Harnessing iPSC-Derived CAR-NK Cells: The Advancement of FT596 in B Cell Malignancy Therapy

The abstract discusses the development of a novel immune therapy using induced pluripotent stem cell (iPSC)-derived effector cells, specifically focusing on natural killer (NK) cells. These iPSC-derived NK cells, or iNK cells, are highlighted for their innate reactivity and potential to stimulate adaptive immune responses. The multi-antigen targeted chimeric antigen receptor (CAR)-iNK cell product, named FT596, is engineered with a CD19-targeting CAR, a high-affinity CD16, and a fusion of IL-15 and its receptor alpha for self-sustaining cytokine support.
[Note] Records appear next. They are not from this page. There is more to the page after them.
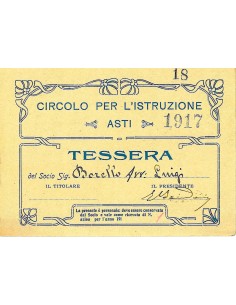 1917 - CIRCOLO PER L'ISTRUZIONE - ASTI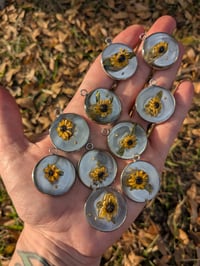 Image 2 of 3D Sunflower and Mustard Seed Pendants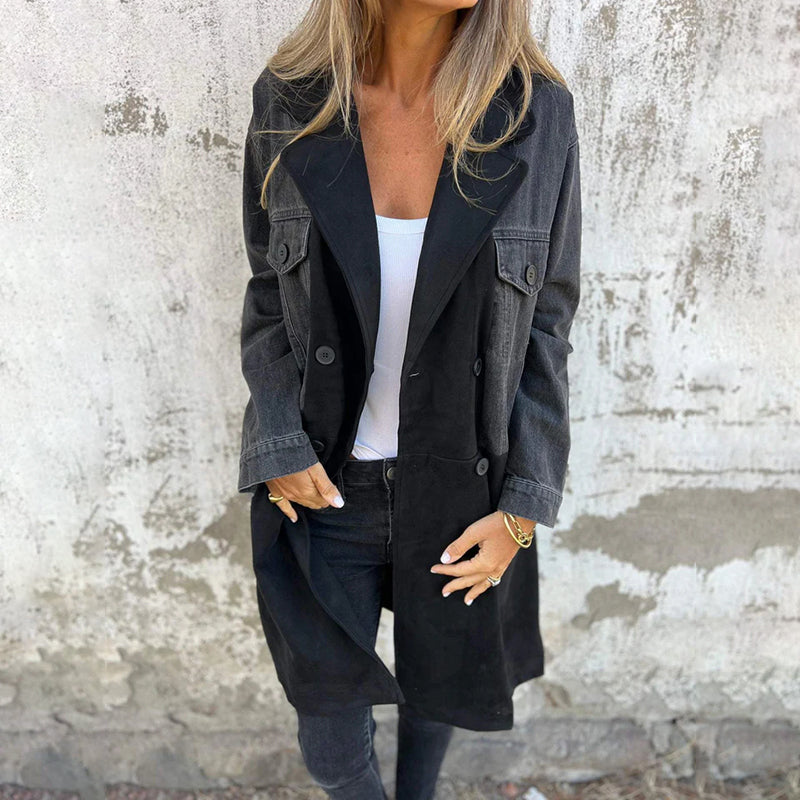 ELORA™ – Tvåfärgad jeanstrenchcoat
The CD19-CAR design leverages the polyfunctionality of NK cells, utilizing the transmembrane region of NKG2D and intracellular signaling domains of 2B4 and CD3ζ for effective antigen-specific responses. This CAR-iNK cell has demonstrated high efficacy in cytotoxicity assays against CD19+ B cell lymphoma cells. The inclusion of IL-15RF in the design allows for cytokine-independent expansion and enhanced longevity and functionality of the iNK cells.

FT596, when combined with hnCD16, exhibits dual-specificity, enabling it to combat antigen escape through the use of monoclonal antibodies. In assays, FT596 showed comparable anti-tumor activity to primary CAR19 T cells and enhanced activity when combined with anti-CD20 (rituximab). It was particularly effective in eliminating CD19-escaped target cells.

In vivo studies showed that FT596 matched the tumor clearance of primary CAR19 T cells and demonstrated improved survival and safety profiles in a human CD34 engrafted NSG mouse model. The abstract concludes that FT596 represents a potent, persistent, and scalable engineered immune cell therapy, supporting the rationale for a Phase I Study as a monotherapy and in combination with CD20-targeted monoclonal antibodies for the treatment of relapsed/refractory B-cell lymphoma and leukemia.